Strange how you don’t see this kind of reaction to new and advanced photocopiers that can do anything and everything (including make coffee). I haven’t seen anybody call for Xerox or Cannon to engage in mass efforts to prevent copyright infringement on their machines, even though it is widely accepted that a good amount of copyright infringement (even taking into consideration fair use) takes place on those machines on a daily basis. Heck, if these groups were really serious about protecting copyrights as a whole (and not just their profits), they would station a “copyright cop” next to public photocopiers to make sure copyrights aren’t being infringed. Sure, the MPAA and RIAA have more important technologies to worry about (DVD burners, iPods, Tivo, etc), but if their desire to protect copyrights from infringement was so genuine, you’d think they would try a broader approach rather than just target the likes of Sharman Networks. This way, when they go after Sharman Networks, their argument of protecting copyrights from infringement might not seem so disingenuous.

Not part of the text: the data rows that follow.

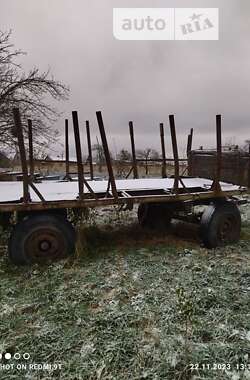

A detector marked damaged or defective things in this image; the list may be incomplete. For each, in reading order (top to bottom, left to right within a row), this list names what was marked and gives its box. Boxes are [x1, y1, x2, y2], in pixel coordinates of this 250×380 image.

rusty metal post [12, 107, 30, 202]
rusted metal beam [12, 107, 30, 202]
rust on metal [12, 107, 30, 202]
rusted metal beam [96, 110, 118, 199]
rust on metal [96, 110, 118, 200]
rusty metal post [96, 111, 118, 200]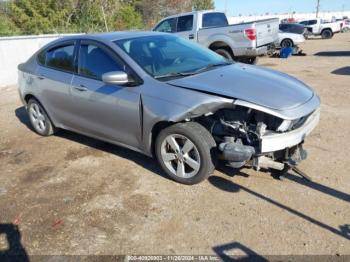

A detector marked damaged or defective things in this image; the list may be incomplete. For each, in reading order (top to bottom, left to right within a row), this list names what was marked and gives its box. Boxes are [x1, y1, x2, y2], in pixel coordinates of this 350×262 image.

damaged front end of car [196, 99, 322, 172]
crumpled front bumper [260, 107, 320, 154]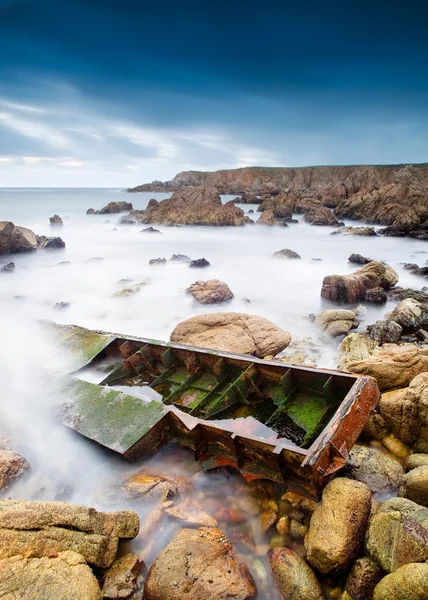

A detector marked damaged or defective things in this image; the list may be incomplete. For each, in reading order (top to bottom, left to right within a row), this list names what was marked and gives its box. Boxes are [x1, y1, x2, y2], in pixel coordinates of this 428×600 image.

rusted rib of boat [57, 326, 382, 500]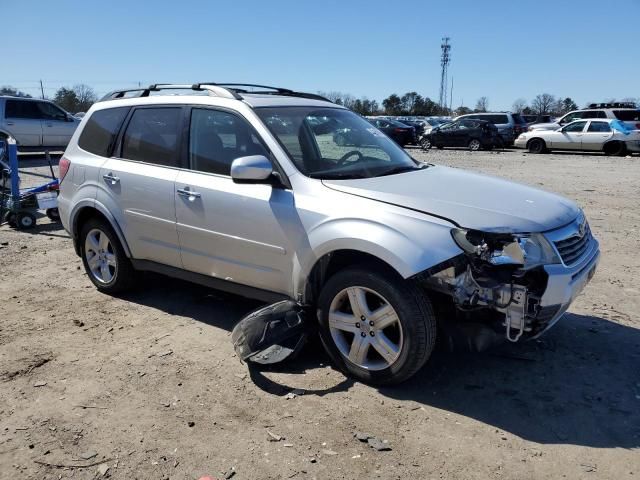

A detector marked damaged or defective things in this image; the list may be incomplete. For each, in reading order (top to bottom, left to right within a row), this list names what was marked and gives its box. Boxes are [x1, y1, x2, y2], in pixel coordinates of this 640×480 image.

crumpled hood [324, 165, 580, 232]
damaged front end [416, 229, 560, 348]
front bumper damage [410, 219, 600, 346]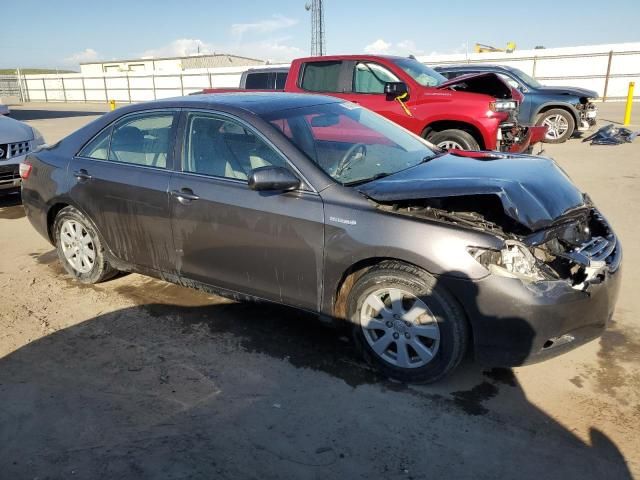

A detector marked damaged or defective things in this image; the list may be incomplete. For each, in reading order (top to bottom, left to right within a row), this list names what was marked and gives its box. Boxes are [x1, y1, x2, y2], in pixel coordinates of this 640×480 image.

damaged red truck [204, 56, 544, 154]
damaged gray sedan [20, 93, 620, 382]
broken headlight [470, 240, 544, 282]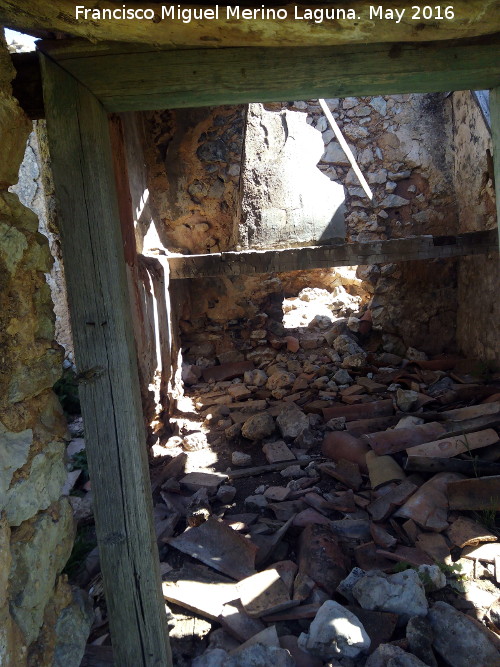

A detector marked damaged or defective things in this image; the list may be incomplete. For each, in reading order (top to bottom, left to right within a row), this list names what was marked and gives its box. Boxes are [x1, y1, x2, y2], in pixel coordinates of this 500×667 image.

pile of broken bricks [146, 314, 500, 667]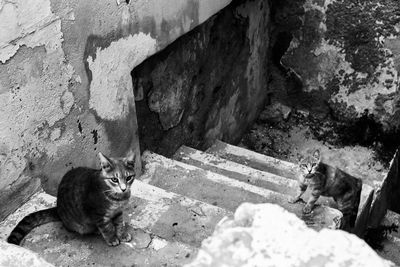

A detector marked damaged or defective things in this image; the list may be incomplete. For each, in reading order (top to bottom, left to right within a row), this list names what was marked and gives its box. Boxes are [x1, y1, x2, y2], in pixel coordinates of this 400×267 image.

peeling paint [87, 33, 156, 121]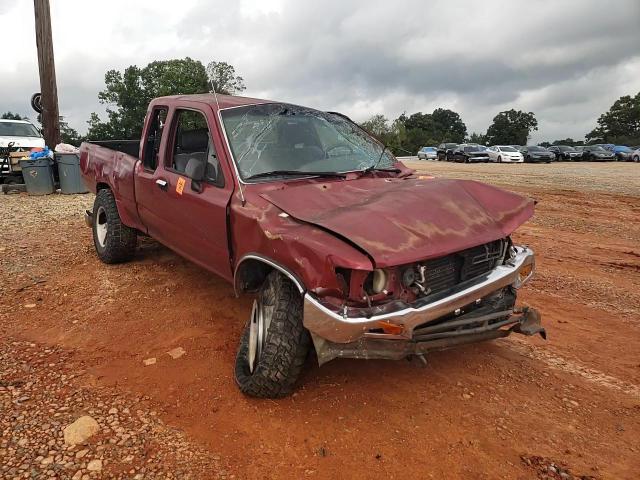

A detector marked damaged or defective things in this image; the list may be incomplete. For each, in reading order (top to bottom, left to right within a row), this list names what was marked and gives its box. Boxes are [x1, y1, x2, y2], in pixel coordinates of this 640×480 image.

cracked windshield [222, 103, 398, 180]
damaged front end [302, 246, 544, 366]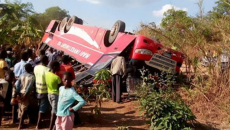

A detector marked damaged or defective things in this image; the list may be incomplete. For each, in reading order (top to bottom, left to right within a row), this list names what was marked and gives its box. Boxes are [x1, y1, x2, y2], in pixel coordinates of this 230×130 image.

overturned red bus [38, 16, 184, 86]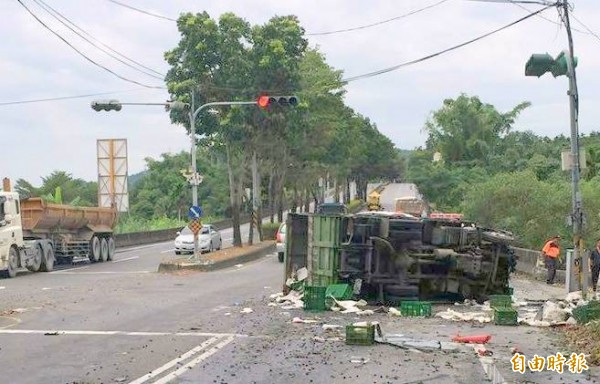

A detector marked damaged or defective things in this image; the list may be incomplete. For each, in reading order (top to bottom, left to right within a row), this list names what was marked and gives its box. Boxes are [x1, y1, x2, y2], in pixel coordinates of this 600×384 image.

overturned truck [284, 210, 516, 304]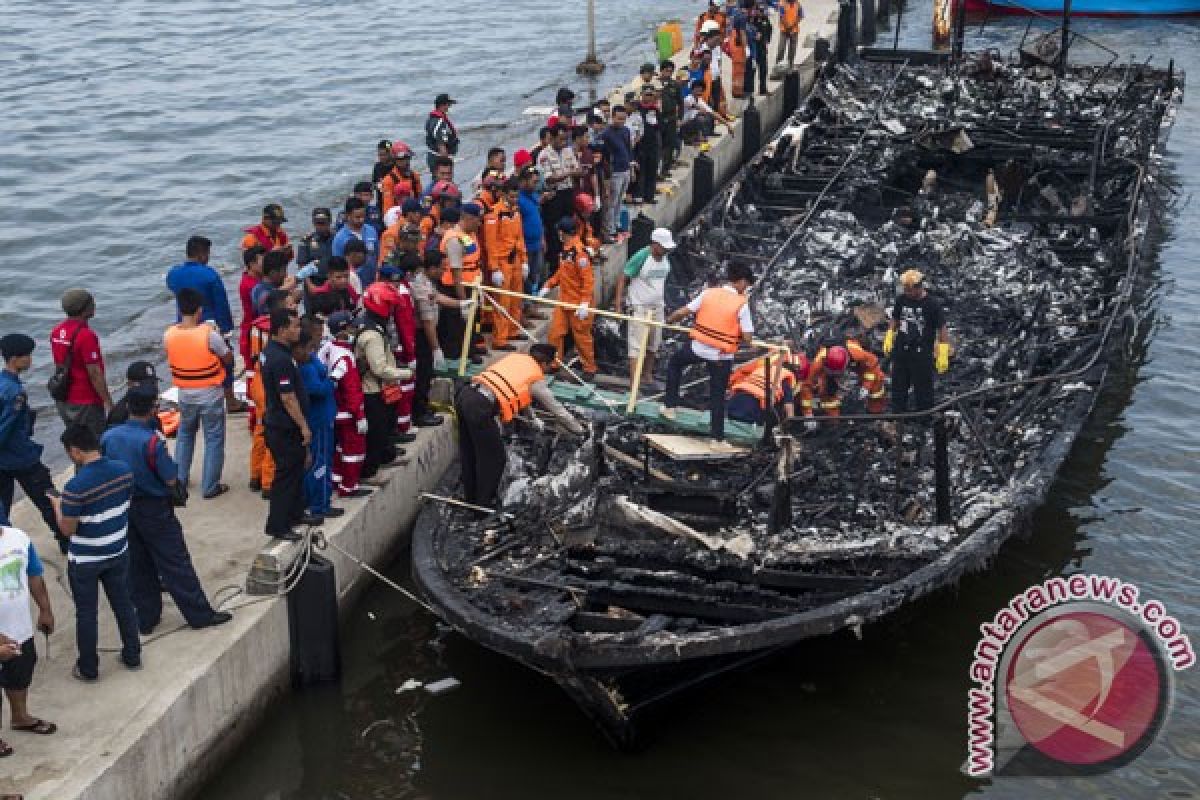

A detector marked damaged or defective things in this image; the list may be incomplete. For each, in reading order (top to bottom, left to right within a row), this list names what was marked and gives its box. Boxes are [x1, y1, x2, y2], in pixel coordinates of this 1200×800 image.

burned boat [412, 53, 1184, 748]
fire damage [412, 53, 1184, 748]
charred hull [412, 53, 1184, 748]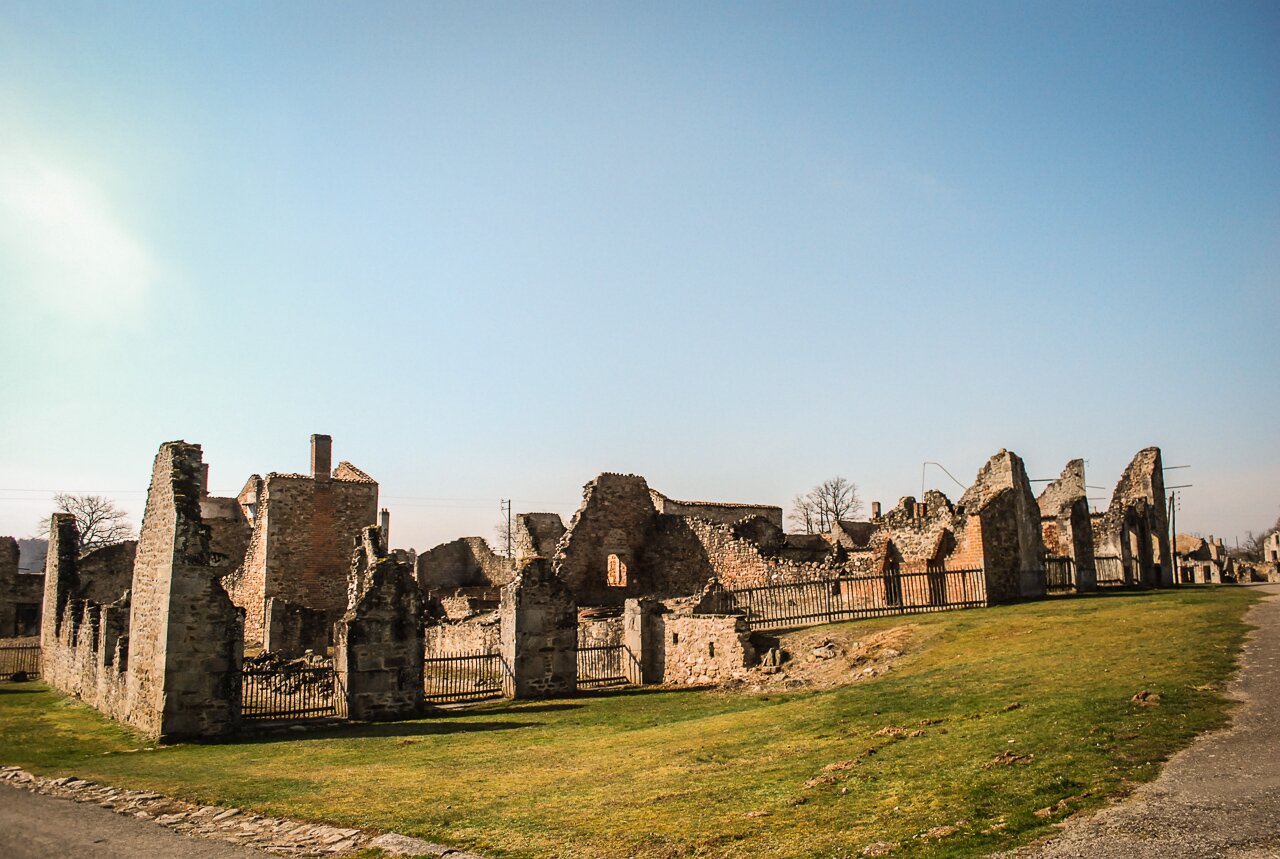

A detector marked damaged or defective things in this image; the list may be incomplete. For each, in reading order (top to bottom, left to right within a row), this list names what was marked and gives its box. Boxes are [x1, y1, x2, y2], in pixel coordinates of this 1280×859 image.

burnt village ruin [5, 436, 1272, 740]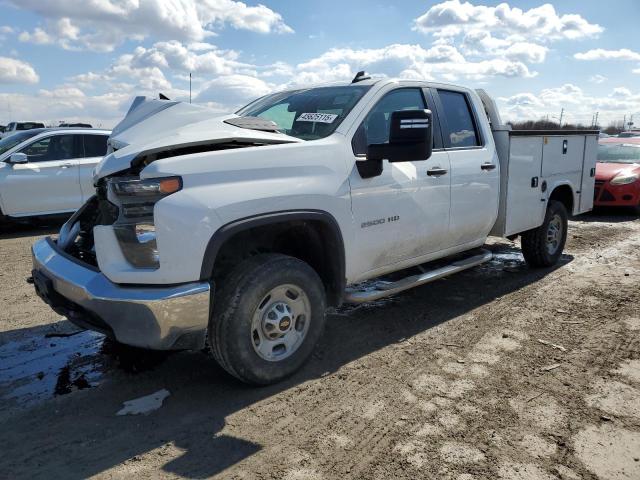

What gets me is the industry’s argument that Sharman Networks has the duty to design its software to make it harder for copyright infringement to occur. Even if, as the music industry says (referring to Sharman), “they are perfectly capable of taking steps to inhibit infringing activity”, this does not confer an obligation on Sharman to put into place any measures to stop infringement. Although this is an argument that Posner mentioned in Aimster – the “could have designed it better” standard – that is not the state of the law today. Now, if cert is granted in the Grokster case here in the U.S., maybe there will be some kind of affirmative requirement to take “reasonable efforts” to eliminate the possibility of software being used to infringe copyrights. However, that is unlikely because it really isn’t an issue in the case.
At any rate, whether or not designers should be forced to take into account the facilitation of copyright infringement does not appear to be the kind of issue that courts should be deciding. At the Supreme Court mentioned in Sony, Congress is better suited to deal with these types of matters. From the looks of it, it appears that the music industry’s next strategy (unable to pass legislation in Congress, not making too much headway in the courts, and unsuccessful in scaring people away with lawsuits) is to persuade any court it can find in the world that p2p file-sharing that allows users to engage in copyright infringement is bad and should be stopped. Of course, now that several major labels have tried to get in on the p2p action, as noted by Yip Yu, do they really think there exists a court that is going to believe them? If the music industry saved its litigation costs and used them to knock a few bucks of their CD prices, they might not be in this situation today. But who am I kidding? That is waaaay too easy of a solution to this problem.